Nulle part aussi raffinés qu’à Bangkok, la capitale thaïe, les restaurants de «haute cuisine» m’ont laissé un souvenir impérissable tant par la finesse extrême de leurs préparations et le souci de présentation que par leurs goûts explosifs. Cuisine de contrastes, où l’équilibre entre les parfums se fait parfois violent, la vraie cuisine thaïe – que l’on retrouve difficilement ici, nos papilles étant trop «délicates» – compte comme ambassadeurs certains des meilleurs restaurants au monde. Le guide Gault-Millau publie d’ailleurs un répertoire des quelque vingt mille tables de Bangkok, et reste un indice de l’intérêt que présente la ville aux yeux des amateurs de vraie grande cuisine. Rien que pour ça, j’y retournerais n’importe quand.

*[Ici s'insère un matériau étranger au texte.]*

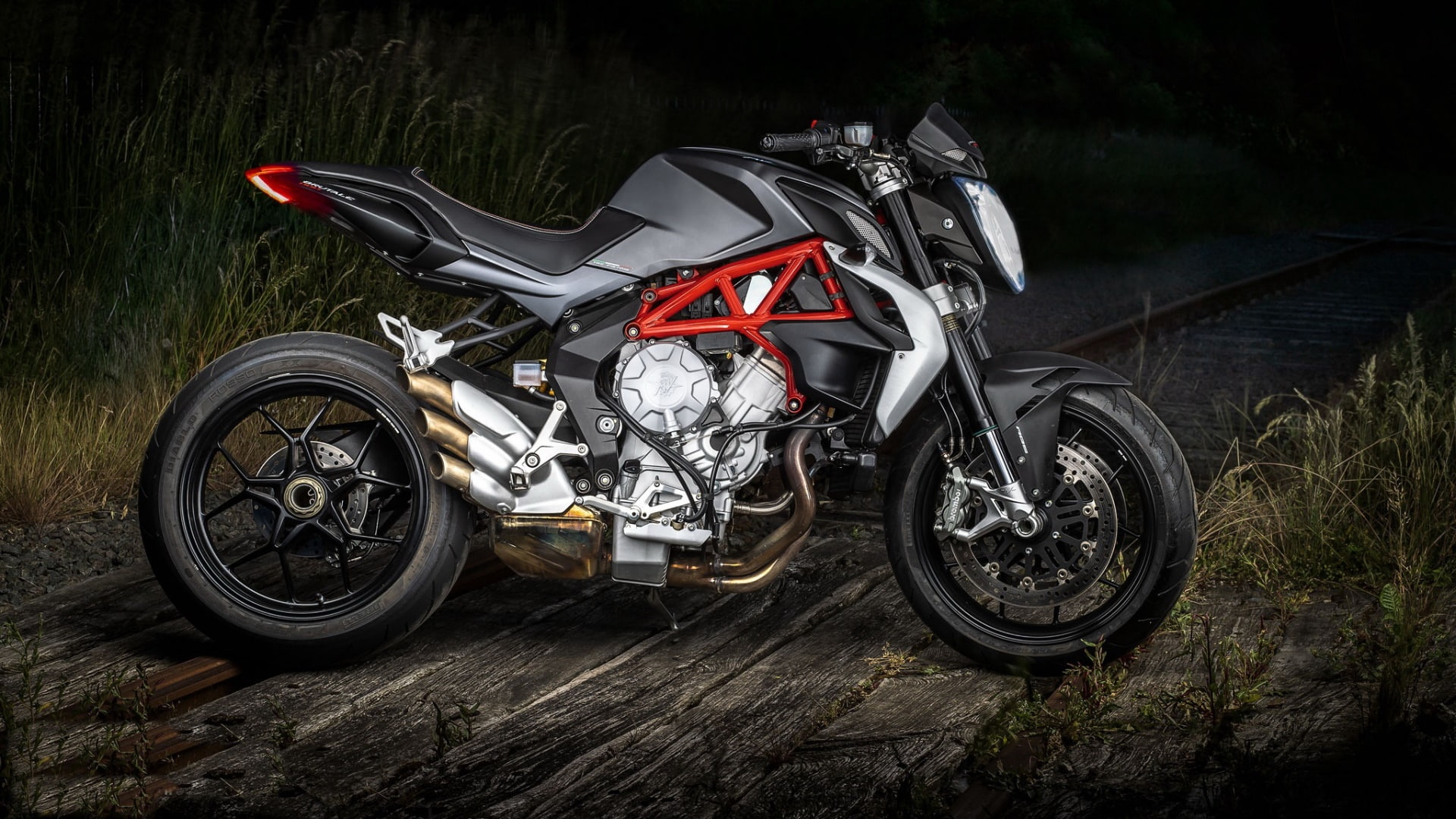 MV agusta, vehicle, motorcycle, MV Agusta Brutale, 1080P, HD Wallpaper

Quelques restaurants: Bussaracum, Pan road. Ban Chiang, Srivieng road. Thanying, Soi Pramuan. Djit Pochana, Soi 20. Baan Thanika, Soi 23, Sukhumvit. Prix moyen d’un repas pour deux personnes, tout compris: 32 $!

U & Me
Les nouilles orientales – cuisine de rue par excellence – peuvent être petit-déjeuner, lunch, en-cas ou souper. Désirées autant des empereurs que des mendiants, les nouilles sont faciles à préparer, à servir et à manger, qu’on soit seul ou en groupe. Peut-on parler de mode? Ou mieux, les Montréalais s’éveillent-ils aux charmes de ce plat? En tout cas, dans les environs de l’Université Concordia, quatre établissements lui sont consacrés. Chez U & Me, le tout dernier, on ne réinvente pas la roue, ni la nouille d’ailleurs. Mais on propose un menu panasiatique dans un cadre synthétique et aseptisé évoquant un fast-food qui nous transporte bien loin des cuisines-locomotives des rues de Bangkok. Qu’à cela ne tienne, les nuits sont plutôt fraîches sous nos latitudes, et mieux vaut aspirer ses rubans glutineux à la lumière des néons que sur le trottoir. En plus des nouilles à la vietnamienne, à la chinoise, à la thaïe ou à la japonaise, on propose des soupes, du riz frit et des plats sautés qui révèlent l’ascendant hong-kongais des patrons. Tout est fait avec célérité, et les cuisiniers font sauter leurs crevettes, leur porc laqué et leurs rubans de farine de riz avec le plus grand soin et une bonne maîtrise des saveurs. Nous avons avalé avec plaisir (et rapidité) des nouilles au curry à la singapourienne, à la shanghaïenne et à la façon thaïe, et toutes étaient excellentes pour se prémunir contre le froid sans s’alourdir l’estomac. Avant ou après le cinoche, c’est parfait. Inutile de rajouter que l’endroit n’a rien de romantique. Il compte toutefois une clientèle d’étudiants asiatiques gaillards, une excellente garantie de qualité. Et puis, on parle parfaitement français, le croiriez-vous? Comptez 7 $ le plat de nouilles, taxes comprises.

U & Me
1900, rue Sainte-Catherine Ouest
931-0081

Amuse-gueule:
Voyager dans un pays comme la Thaïlande invite à manger dans la rue. Que vous soyez dans la capitale ou dans les villes de province, vous n’êtes jamais à plus de dix mètres d’un endroit où l’on fait la cuisine directement sur le trottoir. Du troquet portable au fast-food de tradition, en passant par le café sur roues, la Thaïlande est l’un de ces paradis gastronomiques qui, plus souvent qu’autrement, rayonnent du bas vers le haut. Mais ce n’est pas le seul pays où les cuisiniers préparent les repas à même le pavé. L’Inde, le Maroc, la Chine, le Mexique, l’Indonésie, la France, la Hollande et les États-Unis sont autant de nations dont les administrations municipales n’ont pas (encore) interdit ces pratiques. À ce sujet, on vient de traduire le très beau livre d’Israel Aharoni, justement intitulé Cuisine de rues (Minerva). Il ne s’agit pas d’un livre de recettes, mais d’un manuel de voyage aux photos splendides dans ce monde des «cuisines à aires ouvertes». On parcourt ainsi douze pays (dont la Thaïlande, bien sûr) à travers le menu, révélant au passage des aspects socioculturels de la vie urbaine et les goûts des habitants. Bien que la prose de l’auteur soit assommante, la recherche, les trouvailles et les photos en font un excellent ouvrage de référence.